Still, he can tell Jo’s waiting for the other shoe to drop. At the high school basketball games he hauls her to so she can start knowing everybody, he can tell she’s always looking around, watching for a ten-or fifteen-year-old with pale eyes like his, even though he guarantees her he never slipped any past the goalie, that he would have heard all about it if he was owing anybody child support.

What he figures is that he’s shooting blanks, just like all the Indians when they’re fighting John Wayne, and what he blames for that, or thanks, is uranium in the water. Gabe and Ricky and Lewis had grown up down in Browning, which, the water’s not perfect there, but you can usually drink it anyway. Cassidy has been living on his dad’s place in East Glacier most of the time, though, where the water’s cloudy with who knows what-all. It is kind of weird, though, he’s always thought. Of him and Gabe and Ricky and Lewis, they’ve altogether only had one kid? He figures Lewis and that blonde he’d run off with might be waiting till the time was right like white people do, or maybe she already had some before Lewis, didn’t want any more, but that Ricky never threw any kids before he died—it’s not like he was ever careful, right? The only one of them to leave a kid behind so far, though, it’s Gabe, and that was, shit, what? Fourteen years ago already? It’s really been that long since him and Trina? At least he did it right, though. Denorah Cross Guns can flat-out ball. She’s the one Jo’s always standing up for at the games and telling to shoot, shoot, that this game is hers if she wants it.

She’s right, of course, the girl has Trina’s drive on the court, not Gabe’s interest in what’s happening behind the gym, but still, the first time Jo came up out of her seat like that, not looking around for permission or to see if she was the only one who could see the magic happening at the top of the key, Cassidy knew she was going to be all right here. It’s so stupid, too: Jo was just a random Crow girl he got to talking to at the powwow last summer—well, her and her cousin, whatever her name was. They’d been doing a thing of standing up in front of tourists’ cameras right when they were about to take the perfect shot of the grand entrance, and they weren’t doing it to protect the Blackfeet or anything, they were just doing it for the hell of it. Cassidy had liked that, had scooted over to stand up with them, and then, before he even really knew it was happening, he was driving down to her rez every other weekend, then every weekend, then every day if he could get away.
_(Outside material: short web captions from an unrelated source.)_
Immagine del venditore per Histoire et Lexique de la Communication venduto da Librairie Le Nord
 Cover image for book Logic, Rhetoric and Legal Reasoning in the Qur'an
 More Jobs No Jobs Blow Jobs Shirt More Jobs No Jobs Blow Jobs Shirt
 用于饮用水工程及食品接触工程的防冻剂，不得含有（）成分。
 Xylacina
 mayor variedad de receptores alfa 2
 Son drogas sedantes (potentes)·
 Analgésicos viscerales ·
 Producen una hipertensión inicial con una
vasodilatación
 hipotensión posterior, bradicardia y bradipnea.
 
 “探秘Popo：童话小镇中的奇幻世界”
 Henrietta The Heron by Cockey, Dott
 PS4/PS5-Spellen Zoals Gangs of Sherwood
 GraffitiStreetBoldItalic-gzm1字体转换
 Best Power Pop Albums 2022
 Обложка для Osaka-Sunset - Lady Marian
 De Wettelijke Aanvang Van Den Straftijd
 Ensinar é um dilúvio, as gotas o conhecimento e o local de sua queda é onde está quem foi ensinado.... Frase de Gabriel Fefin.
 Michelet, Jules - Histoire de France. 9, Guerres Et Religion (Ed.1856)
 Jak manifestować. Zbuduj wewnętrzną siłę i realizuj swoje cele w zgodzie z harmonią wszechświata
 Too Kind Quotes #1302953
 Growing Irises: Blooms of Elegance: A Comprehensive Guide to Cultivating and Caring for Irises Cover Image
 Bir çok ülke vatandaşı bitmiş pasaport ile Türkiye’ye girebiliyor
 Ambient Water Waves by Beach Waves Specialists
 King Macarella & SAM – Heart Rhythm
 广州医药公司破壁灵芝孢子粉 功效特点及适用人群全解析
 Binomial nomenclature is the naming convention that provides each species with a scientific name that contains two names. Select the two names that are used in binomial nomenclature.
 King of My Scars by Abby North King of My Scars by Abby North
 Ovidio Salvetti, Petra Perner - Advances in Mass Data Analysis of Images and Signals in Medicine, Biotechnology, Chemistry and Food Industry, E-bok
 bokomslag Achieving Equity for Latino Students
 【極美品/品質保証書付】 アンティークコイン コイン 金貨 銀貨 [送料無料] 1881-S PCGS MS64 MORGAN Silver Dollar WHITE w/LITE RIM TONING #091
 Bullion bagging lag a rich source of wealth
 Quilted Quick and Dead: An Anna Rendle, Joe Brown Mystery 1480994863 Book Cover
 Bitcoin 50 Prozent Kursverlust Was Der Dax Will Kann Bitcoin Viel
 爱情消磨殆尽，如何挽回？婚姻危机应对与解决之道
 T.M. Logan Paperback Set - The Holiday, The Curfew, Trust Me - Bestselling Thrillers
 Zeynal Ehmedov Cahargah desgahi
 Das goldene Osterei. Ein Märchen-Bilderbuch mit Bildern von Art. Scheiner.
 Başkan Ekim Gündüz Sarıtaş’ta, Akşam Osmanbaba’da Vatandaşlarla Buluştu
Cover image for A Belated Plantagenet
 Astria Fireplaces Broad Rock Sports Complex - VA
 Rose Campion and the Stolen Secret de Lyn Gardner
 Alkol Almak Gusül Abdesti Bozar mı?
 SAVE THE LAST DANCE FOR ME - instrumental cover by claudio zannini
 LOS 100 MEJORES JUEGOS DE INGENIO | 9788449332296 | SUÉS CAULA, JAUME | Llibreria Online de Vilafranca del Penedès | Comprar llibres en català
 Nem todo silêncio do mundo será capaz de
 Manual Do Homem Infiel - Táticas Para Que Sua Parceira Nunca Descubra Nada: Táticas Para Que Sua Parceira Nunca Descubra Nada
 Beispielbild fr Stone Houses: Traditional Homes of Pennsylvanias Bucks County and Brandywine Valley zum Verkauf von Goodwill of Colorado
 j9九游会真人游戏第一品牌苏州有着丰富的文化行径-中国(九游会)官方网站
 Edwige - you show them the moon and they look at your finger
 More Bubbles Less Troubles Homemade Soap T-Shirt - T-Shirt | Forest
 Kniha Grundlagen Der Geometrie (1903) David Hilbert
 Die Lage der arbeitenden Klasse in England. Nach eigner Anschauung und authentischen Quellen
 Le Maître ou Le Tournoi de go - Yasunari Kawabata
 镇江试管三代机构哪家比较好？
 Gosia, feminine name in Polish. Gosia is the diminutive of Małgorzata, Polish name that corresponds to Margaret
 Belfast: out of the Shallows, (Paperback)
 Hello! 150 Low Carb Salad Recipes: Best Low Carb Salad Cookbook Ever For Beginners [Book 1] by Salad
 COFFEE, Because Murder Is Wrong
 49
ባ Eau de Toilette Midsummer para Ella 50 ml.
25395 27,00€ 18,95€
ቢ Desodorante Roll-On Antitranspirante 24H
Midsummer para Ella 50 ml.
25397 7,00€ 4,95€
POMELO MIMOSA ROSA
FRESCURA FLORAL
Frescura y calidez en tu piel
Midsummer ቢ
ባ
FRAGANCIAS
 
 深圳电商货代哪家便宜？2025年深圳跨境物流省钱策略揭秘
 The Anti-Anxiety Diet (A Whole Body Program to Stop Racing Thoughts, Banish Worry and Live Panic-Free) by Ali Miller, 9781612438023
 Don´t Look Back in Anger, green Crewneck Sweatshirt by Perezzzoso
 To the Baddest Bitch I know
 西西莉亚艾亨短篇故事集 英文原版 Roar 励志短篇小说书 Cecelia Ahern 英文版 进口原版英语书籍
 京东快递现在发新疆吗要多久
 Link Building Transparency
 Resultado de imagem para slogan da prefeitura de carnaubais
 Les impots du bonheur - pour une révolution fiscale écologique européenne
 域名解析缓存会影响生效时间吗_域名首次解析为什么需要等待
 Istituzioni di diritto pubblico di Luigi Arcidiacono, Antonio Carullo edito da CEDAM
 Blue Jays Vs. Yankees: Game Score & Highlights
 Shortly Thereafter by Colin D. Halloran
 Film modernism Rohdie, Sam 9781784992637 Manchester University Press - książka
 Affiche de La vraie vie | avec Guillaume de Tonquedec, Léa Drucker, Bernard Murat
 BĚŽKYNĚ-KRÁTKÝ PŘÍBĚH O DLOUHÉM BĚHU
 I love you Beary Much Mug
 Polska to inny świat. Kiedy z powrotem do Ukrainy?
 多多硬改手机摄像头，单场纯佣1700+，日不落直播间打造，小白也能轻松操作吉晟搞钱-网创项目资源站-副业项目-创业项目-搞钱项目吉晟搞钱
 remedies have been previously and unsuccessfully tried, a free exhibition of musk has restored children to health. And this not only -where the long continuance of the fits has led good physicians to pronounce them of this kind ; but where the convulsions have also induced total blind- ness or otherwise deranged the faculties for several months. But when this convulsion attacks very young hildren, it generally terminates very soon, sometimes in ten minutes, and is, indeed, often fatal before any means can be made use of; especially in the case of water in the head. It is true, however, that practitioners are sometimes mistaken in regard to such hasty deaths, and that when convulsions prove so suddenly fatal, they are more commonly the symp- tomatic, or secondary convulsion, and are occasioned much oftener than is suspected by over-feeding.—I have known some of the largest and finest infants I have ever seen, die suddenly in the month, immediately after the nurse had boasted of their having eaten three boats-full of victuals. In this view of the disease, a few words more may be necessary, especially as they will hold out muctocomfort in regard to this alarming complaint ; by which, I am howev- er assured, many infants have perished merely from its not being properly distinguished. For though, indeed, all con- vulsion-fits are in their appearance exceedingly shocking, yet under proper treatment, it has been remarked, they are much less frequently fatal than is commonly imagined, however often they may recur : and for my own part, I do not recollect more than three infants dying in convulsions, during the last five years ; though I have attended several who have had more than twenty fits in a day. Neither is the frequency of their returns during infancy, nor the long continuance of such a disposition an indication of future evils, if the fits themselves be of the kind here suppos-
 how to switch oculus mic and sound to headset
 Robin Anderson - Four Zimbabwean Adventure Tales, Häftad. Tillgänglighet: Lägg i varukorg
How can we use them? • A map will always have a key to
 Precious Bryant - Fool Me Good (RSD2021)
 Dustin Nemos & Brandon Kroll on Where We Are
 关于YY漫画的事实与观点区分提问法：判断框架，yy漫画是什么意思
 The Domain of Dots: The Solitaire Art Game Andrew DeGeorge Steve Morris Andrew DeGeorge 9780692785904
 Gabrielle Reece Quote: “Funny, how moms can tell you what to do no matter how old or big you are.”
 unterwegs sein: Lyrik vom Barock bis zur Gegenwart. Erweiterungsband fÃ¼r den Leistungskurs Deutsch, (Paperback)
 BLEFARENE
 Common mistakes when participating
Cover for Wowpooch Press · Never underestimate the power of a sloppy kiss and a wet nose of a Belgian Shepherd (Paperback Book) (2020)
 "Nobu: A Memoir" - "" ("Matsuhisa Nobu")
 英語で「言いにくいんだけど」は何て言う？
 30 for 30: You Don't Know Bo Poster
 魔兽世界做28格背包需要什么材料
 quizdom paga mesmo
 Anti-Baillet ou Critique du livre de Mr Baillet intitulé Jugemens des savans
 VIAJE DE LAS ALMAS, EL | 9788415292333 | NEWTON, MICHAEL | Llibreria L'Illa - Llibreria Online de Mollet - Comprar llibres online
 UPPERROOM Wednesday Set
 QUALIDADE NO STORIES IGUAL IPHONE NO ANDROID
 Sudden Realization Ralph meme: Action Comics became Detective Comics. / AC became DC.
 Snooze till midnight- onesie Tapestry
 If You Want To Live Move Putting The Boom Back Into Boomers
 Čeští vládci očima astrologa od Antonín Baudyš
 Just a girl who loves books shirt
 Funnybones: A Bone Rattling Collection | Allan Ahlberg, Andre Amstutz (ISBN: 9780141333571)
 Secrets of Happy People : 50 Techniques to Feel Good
And then, after her big fight with her mom, and after her cousin moved down south, taking away Jo’s couch, Cassidy was coming back with Jo’s stuff mounded in the bed of his truck, a borrowed horse trailer dragging behind.

So it was all on accident, him and Jo, but at the same time it feels like it was meant to be. It’s like he walked into the best thing ever, and all he was doing was screwing around at the powwow. But maybe that’s the way it works when it’s real?

Cassidy rolls the doubled-over pad of cash in his front pocket and considers going into the camper to wake Jo just to be sure she’s there, that he isn’t just dreaming all this, but … she works nights, is a stocker, the one and only Crow to ever work at the new grocery so far—she needs her sleep, he knows. Instead he goes to the camper of the old truck, where the dogs sleep. They won’t miss the pile of sleeping bags and blankets and old jackets for one night, will they? For one sweat?

Maybe he’ll buy them forty dollars of dog food.

Well, twenty.

He hauls an armful of the blankets out and down and drops them to the dirt, finds a corner here, an edge there, a sleeve poking out like it’s reaching up to get saved. One by one Cassidy separates them all and shakes them out, then carries them to the frame of the old sweat. The poles are still good, are from some kids’ tent he guesses, propped up with forks of tied rebar at the four points. Not four for any bullshit Indian reason, but because, first, the day Cassidy had put this together, he’d only been able to scavenge eight pieces of rebar, two per prop, X’d like he was doing, and, second, the tent frame was made to hold a kid’s tent, not forty-odd pounds of dog bedding.